El que las disculpáramos o no era irrelevante porque no podíamos ir a otro sitio más que a las habitaciones del Hotel, que hubieran resultado decentes si intendencia se hubiese ocupado de poner colchones en los somieres. Pero como no había, los cubrimos lo mejor que pudimos con nuestras prendas de vestir y nos acostamos con aquel calor, con aquel polvo que nos hacía toser hasta echar los pulmones por la boca, y con unos ruidos extraños procedentes del exterior. El peor era una especie de bocinazo mecánico, unos como trompetazos que a veces hacían: «Hiiii» y a veces «¡Hiii Haa!, ¡Hiii Haa!» Me dormí preguntándome extrañado qué clase de maquinaria primitiva tendrían en funcionamiento toda la noche los nativos, preguntándome qué diantre hacía yo allí, pensando si volvería alguna vez a la Torre T.G.&S., evocando cómo se había esfumado el sueño del piso cincuenta y cinco. Preguntándome, sobre todo, qué posibilidades tenía de encontrar un par de Moka-Kokas a la mañana siguiente, porque los doce paquetes de a seis que había metido en el macuto empezaban a agotarse.

—¿Es usted Tarb? —preguntó una voz áspera chirriándome al oído— ¡Arriba! ¡Fuera del saco! El rancho es dentro de cinco minutos y dentro de diez quiere verle el coronel.

—¿El qué? —pregunté abriendo un ojo.

La cara que se inclinaba sobre la mía no se apartó ni un centímetro.

—¡Arriba! —rugió.

Cuando conseguí enfocar la vista, vi que pertenecía a un individuo moreno, furibundo, con galones de comandante y una hilera de condecoraciones que resaltaban sobre el uniforme de camuflaje.

—En seguida —murmuré, consiguiendo recordar que había que añadir—: A sus órdenes.

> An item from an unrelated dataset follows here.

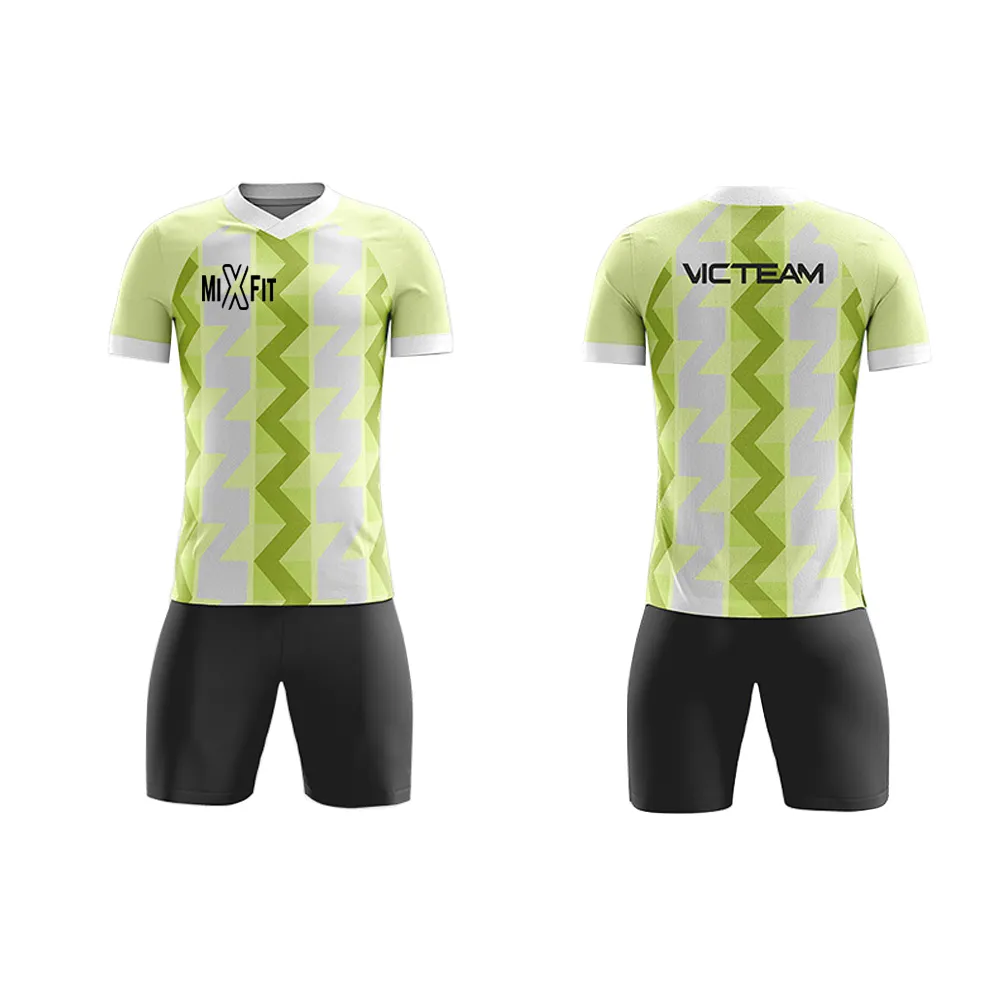 Erkekler futbol takım elbise için Set süblimasyon spor toptan futbol forması ile özel futbol forması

La cara no se mostró complacida pero se alejó. Me desplacé con cuidado hasta el borde de la cama, procurando evitar los muelles más punzantes y oxidados —tenía todo el cuerpo cubierto de pinchazos de haberme movido por la noche— y afronté el problema de introducirme en la camiseta y los calzoncillos, problema que resultó soluble, aunque creo que me preocupó durante el sueño. El problema de averiguar dónde tenía lugar el «rancho» no supuso mayor dificultad, puesto que no tuve más que seguir la lenta migración de soldados sin afeitar que parpadeaban con ojos enrojecidos hasta un lugar indicado mediante un cartel que decía: Comedor A. Al menos había Boncafé y por suerte Moka-Kokas, aunque éstas no las suministraba el ejército, por lo cual perdí momentos preciosos solicitando cambio a un par de rostros vagamente conocidos que atacaban implacables sus Tor-Tillas con Biscots. Naturalmente la máquina expendedora engulló mis tres primeras monedas sin expulsar bebida alguna, pero a la cuarta conseguí la Moka-Koka, caliente por descontado, y me enfrenté a la cegadora luz del sol con un poco más de ánimo.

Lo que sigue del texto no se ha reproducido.